─── Material provided

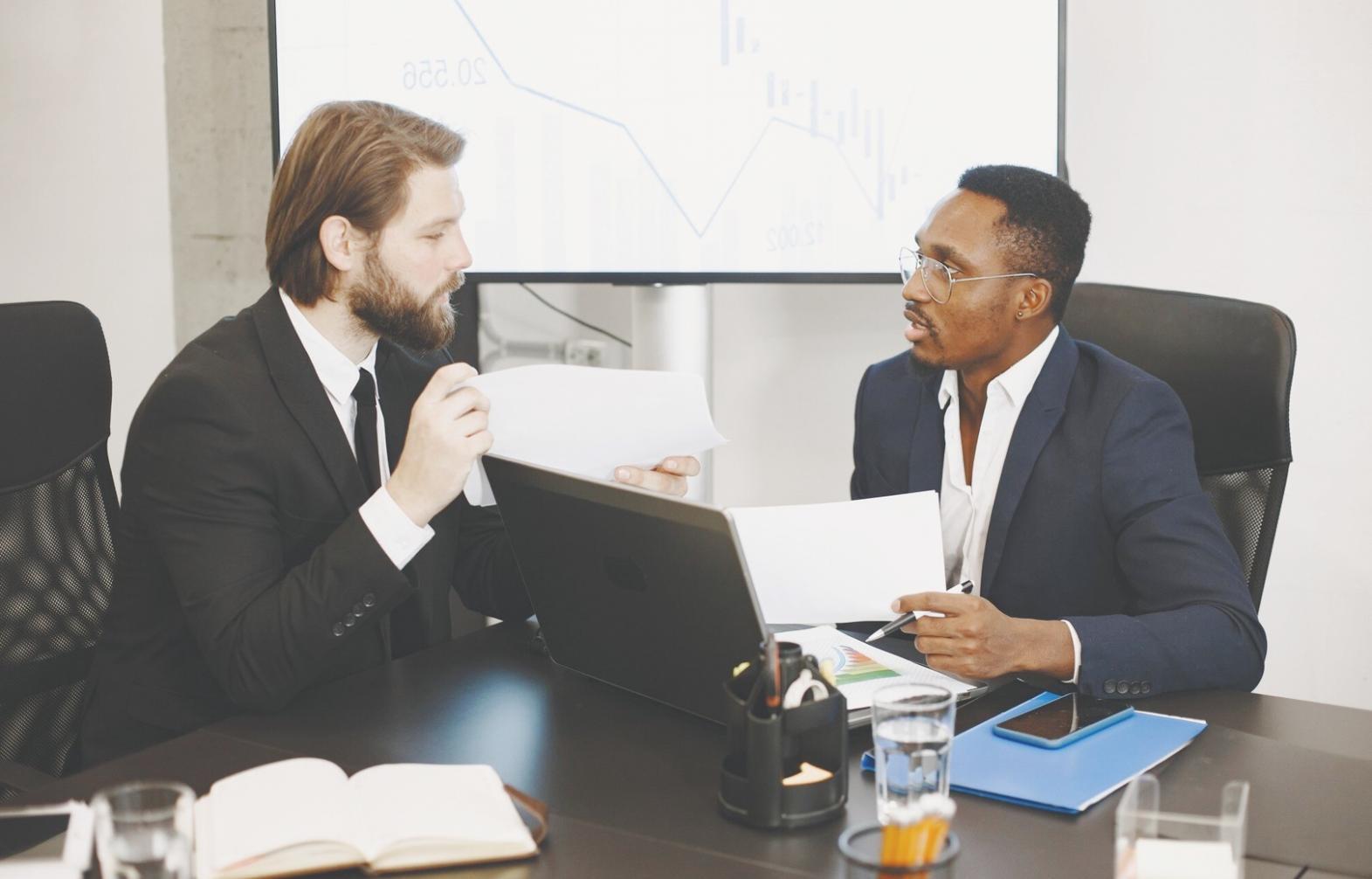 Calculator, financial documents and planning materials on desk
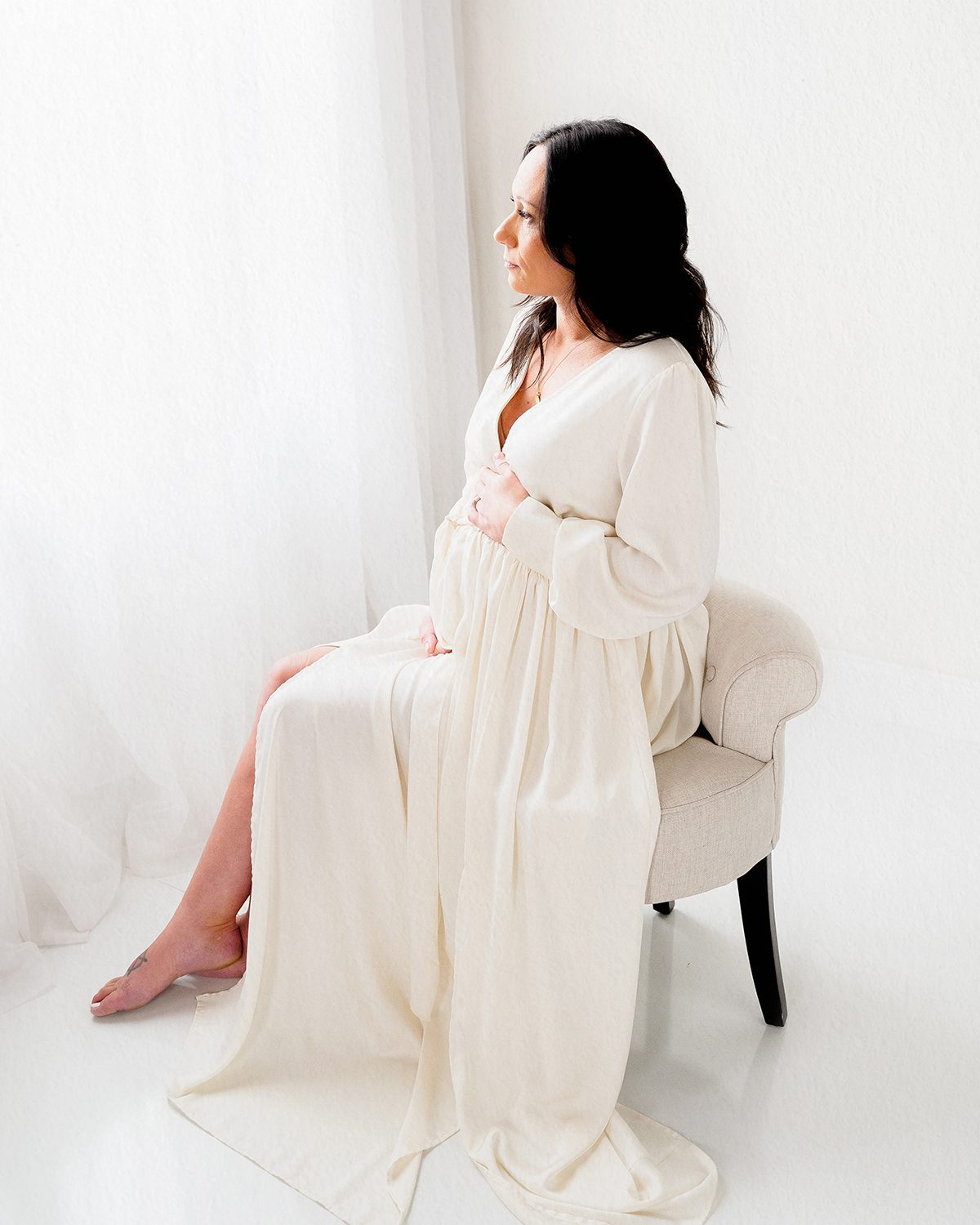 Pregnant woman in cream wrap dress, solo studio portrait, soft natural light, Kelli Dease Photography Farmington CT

──────
─── Material provided

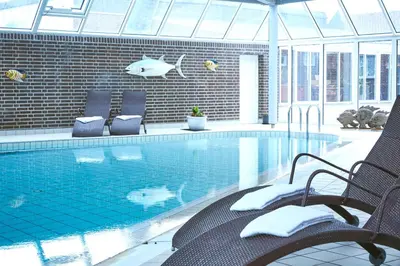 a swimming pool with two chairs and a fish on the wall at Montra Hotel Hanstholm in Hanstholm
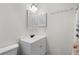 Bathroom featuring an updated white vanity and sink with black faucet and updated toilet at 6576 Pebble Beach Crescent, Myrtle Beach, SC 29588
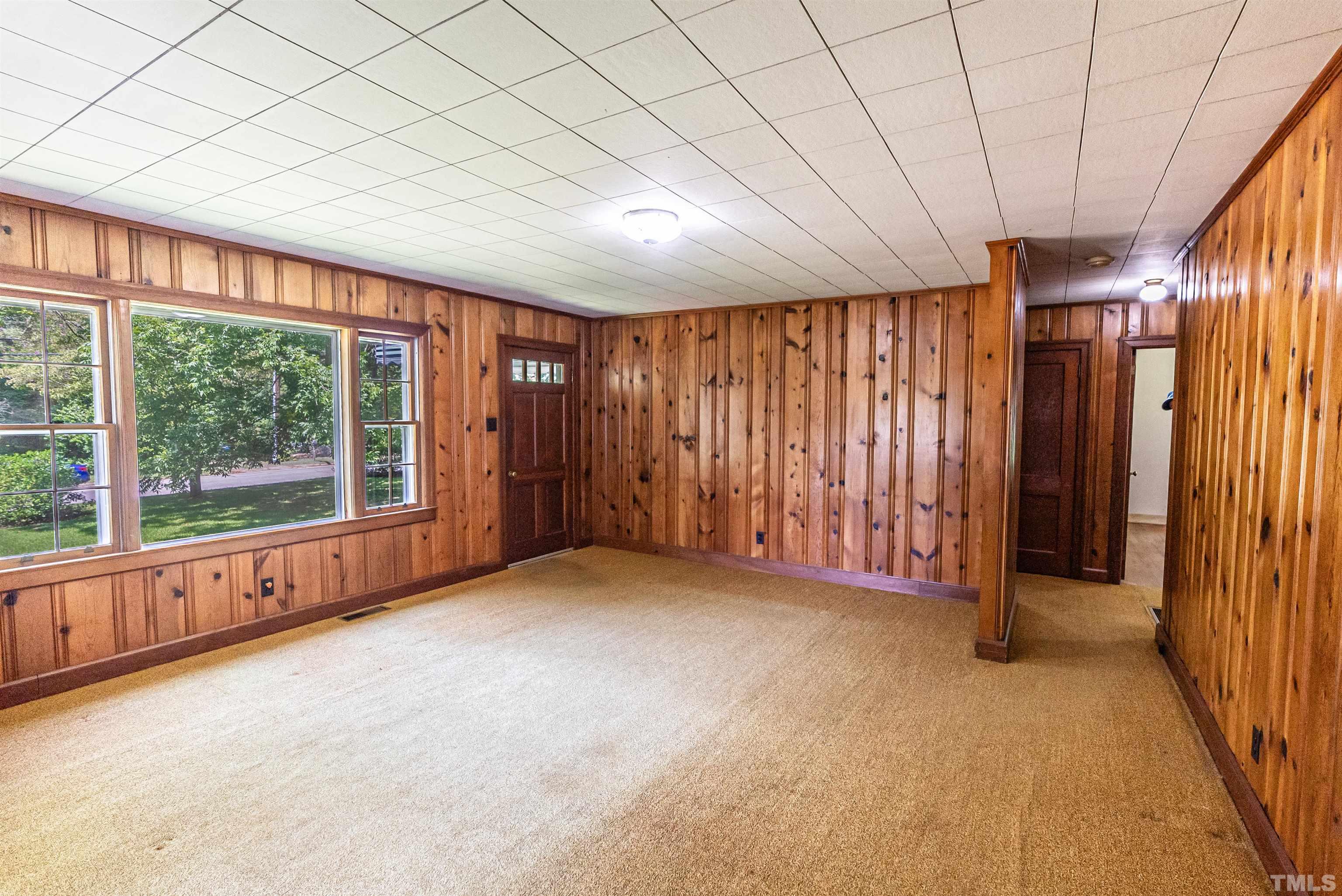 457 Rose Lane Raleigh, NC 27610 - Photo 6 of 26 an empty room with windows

──────

Each line between the one holding "Calculator, financial documents" and the one holding "Pregnant woman in", inclusive, should be copied exactly as it appears above, and pictures should be omitted.

 Calculator, financial documents and planning materials on desk
 Pregnant woman in cream wrap dress, solo studio portrait, soft natural light, Kelli Dease Photography Farmington CT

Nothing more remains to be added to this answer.